Upon completing school, Samuel had his sights set on becoming a surveyor and interned briefly with the Public Works Department as a Suveyor Trainee, but was encouraged to proceed on a much different path. At the age of 19, he began his career in education as a teacher at the Swetes Government School. Shortly after he got married and started his family. By the time he was about the age of 25,he was appointed Principal of the John Hughes Primary School (1965).
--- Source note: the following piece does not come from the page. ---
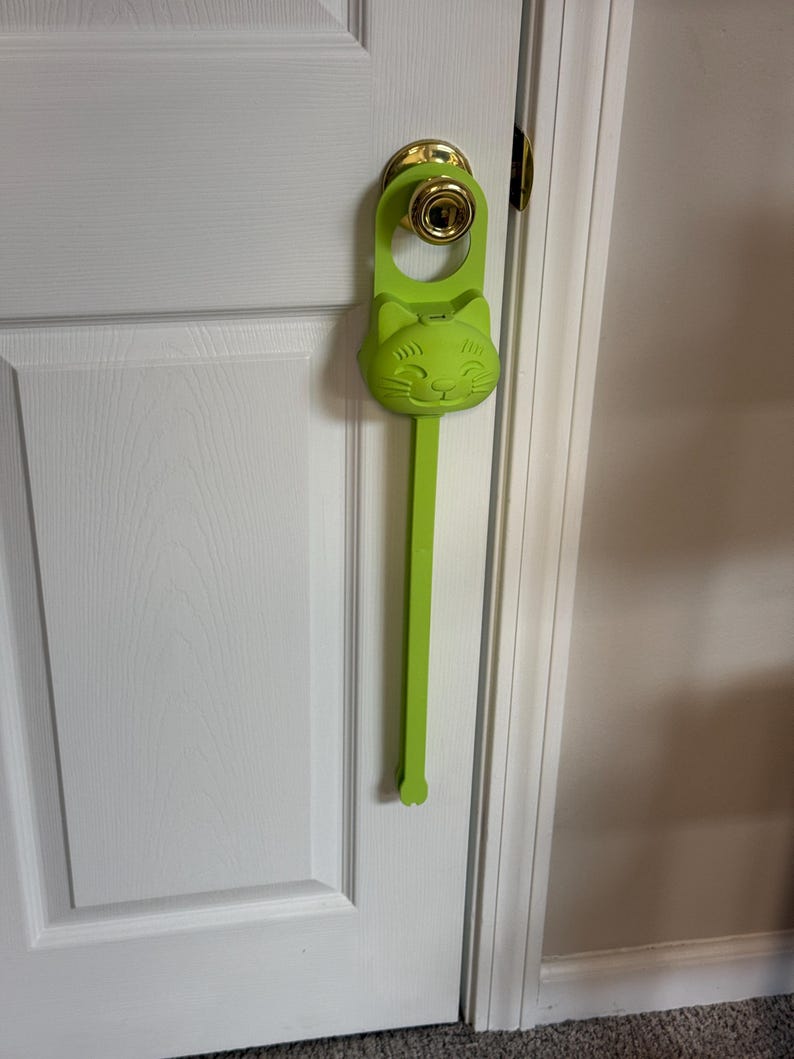 A brat green Sidewinder smart cat toy.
In 1967, after being awarded a scholarship by the Mill Reef Club, he relocated his family to Barbados where he pursued a Bachelor’s Degree in the Natural Sciences, majoring in Physics at the University of the West Indies, Cave Hill Campus.
Upon graduating and returning to Antigua in 1972, Samuel returned to teaching as a science teacher at the Princess Margaret School. After one year he was promoted to Principal of the Jennings Secondary School where he served until 1975 when he resigned to pursue his political aspirations. He also served as President of the Antigua & Barbuda Union of Teachers from 1974 to 1976.
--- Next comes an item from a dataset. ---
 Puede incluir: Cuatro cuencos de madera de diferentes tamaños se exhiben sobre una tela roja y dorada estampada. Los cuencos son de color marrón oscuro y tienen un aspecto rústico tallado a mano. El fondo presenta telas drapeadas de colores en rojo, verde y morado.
According to his son, Clement Samuel, ‘my father always had an interest in good governance and was a bit of an activist’; this, coupled with his dissatisfaction with the government of the day sparked the development of his political career. While in university Samuel became quite active, returning home to assist in the campaign of Progressive Labour Movement (PLM) candidate, Wilbert E. Sterling who represented what was then the St. Luke’s constituency. St. Luke’s comprised Swetes, Buckleys. John Hughes and Bendals.
In 1971, the PLM were successful in winning the general elections, however, Sterling who was not granted a ministerial appointment retaliate by crossing the floor and joining the Antigua Labour Party (ALP). As a result, the PLM had to make a fresh candidate selection for the area for the next general election and Samuel became their choice.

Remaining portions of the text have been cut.